**MATERIAL SUPPLIED:**
##########
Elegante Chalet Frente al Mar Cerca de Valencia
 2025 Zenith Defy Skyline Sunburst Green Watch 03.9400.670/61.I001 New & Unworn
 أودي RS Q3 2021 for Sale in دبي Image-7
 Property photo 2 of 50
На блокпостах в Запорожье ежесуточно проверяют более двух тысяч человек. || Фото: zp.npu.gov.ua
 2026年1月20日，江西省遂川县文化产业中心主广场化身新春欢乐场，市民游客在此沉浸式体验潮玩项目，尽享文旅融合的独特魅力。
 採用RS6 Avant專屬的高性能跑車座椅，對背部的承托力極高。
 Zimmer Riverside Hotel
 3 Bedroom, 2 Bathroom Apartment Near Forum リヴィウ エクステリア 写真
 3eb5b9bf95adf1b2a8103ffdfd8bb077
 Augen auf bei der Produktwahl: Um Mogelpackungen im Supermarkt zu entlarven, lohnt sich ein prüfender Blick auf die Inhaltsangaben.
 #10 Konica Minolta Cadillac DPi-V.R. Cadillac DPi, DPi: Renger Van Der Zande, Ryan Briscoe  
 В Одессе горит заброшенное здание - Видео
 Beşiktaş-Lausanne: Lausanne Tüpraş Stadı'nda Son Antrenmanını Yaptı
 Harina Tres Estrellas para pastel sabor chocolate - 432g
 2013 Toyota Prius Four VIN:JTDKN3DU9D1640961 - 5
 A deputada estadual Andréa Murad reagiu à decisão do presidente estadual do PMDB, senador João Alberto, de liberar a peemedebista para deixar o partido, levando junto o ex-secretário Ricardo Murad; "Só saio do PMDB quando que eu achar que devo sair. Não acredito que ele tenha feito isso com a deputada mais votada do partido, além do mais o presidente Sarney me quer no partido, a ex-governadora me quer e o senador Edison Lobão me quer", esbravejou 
##########
**WORK TASK:** Repeat verbatim the opening run of entries, ending with the line that contains "Property photo 2 of 50".

**OUTPUT FOR THIS EXERCISE:**
Elegante Chalet Frente al Mar Cerca de Valencia
 2025 Zenith Defy Skyline Sunburst Green Watch 03.9400.670/61.I001 New & Unworn
 أودي RS Q3 2021 for Sale in دبي Image-7
 Property photo 2 of 50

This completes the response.